How Does a Client get a RAL?
Before a client selects a refund anticipation loan, H&R Block tax professionals are trained to present a comparison of all filing options, illustrating the cost of each and the time required to receive the refund or loan. We inform clients of no-cost filing options first and clearly explain repayment responsibilities and other obligations for a loan.
Most importantly, we remind clients they can keep more of their refund by choosing a non-loan product or waiting for the IRS to send them their refund.
Once a client chooses a refund anticipation loan, H&R Block's application process includes:
- The client reviewing a "Facts About RALs" document, which provides an overview of the fees associated with the product.

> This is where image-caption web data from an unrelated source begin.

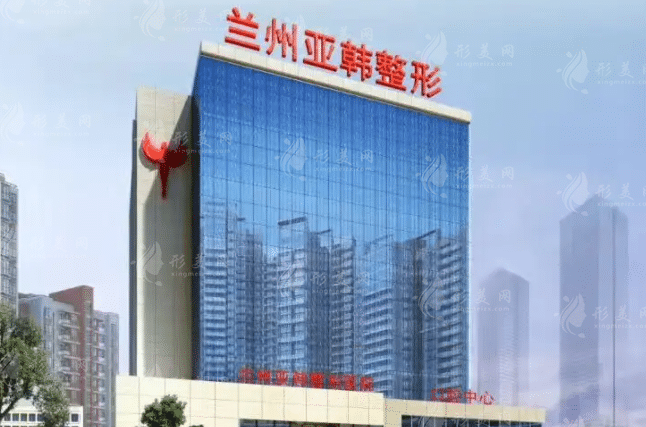 蘭州韓亞醫(yī)學(xué)整形美容醫(yī)院 蘭州韓亞醫(yī)學(xué)整形美容醫(yī)院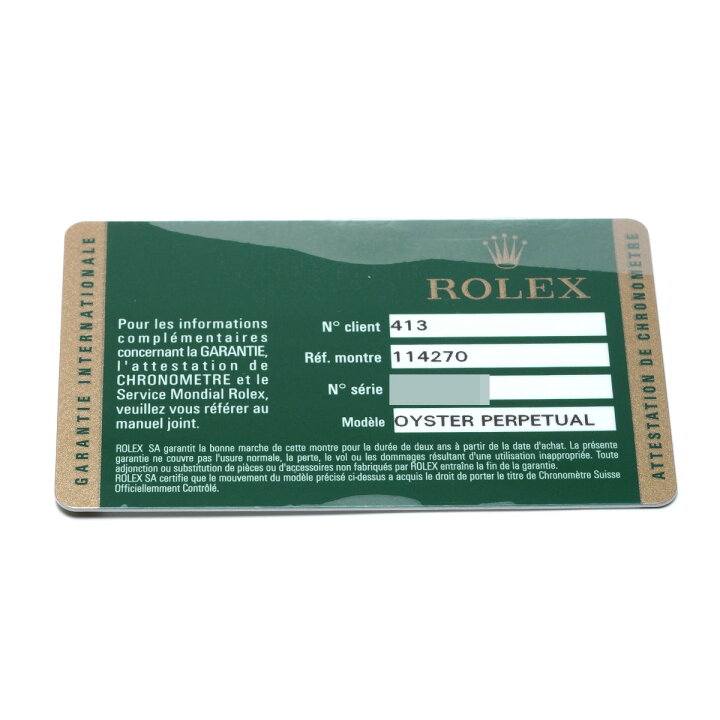 楽天市場】ロレックス ROLEX エクスプローラー 114270 M番(2007年頃  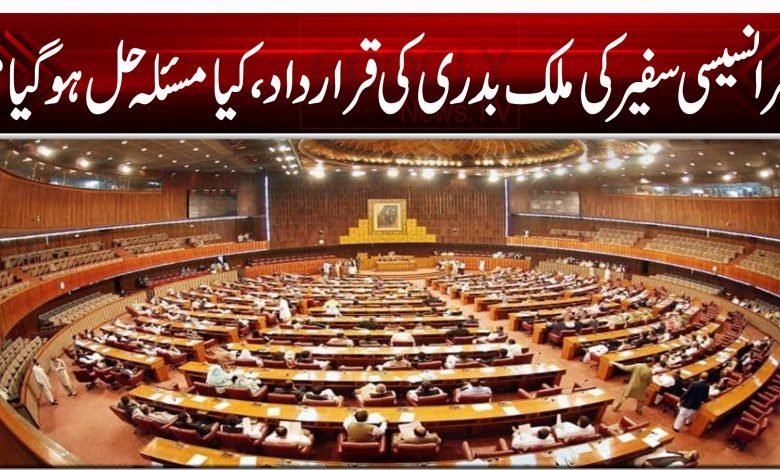 فرانسیسی سفیر کی ملک بدری کی قرارداد، کیا مسئلہ حل ہو گیا؟ 1 4564545 4 54 54 5878 787 87 87 7 7 7 7878 787 8 74 54 5 44 4 4 4 4 4 54 54 54 857 8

- Clients completing a loan application, which mentions the word "loan" 12 times on the first page of the application. The word "loan" also is printed as a 2-inch watermark on the bottom of every application.
- The lending bank reviews, performs a credit check and determines whether the loan is approved.
- If the application is approved by the lending bank, clients may receive their money on a prepaid Emerald Card or on a printed check.
- If the application is denied, the client is notified via letter by the lending bank.
What if clients change their minds?
Clients who change their minds about selecting a refund anticipation loan have five days after signing the loan application to cancel the loan. If the loan is canceled, clients aren’t charged any fees related to the loan. However, they are still responsible for their tax preparation fee.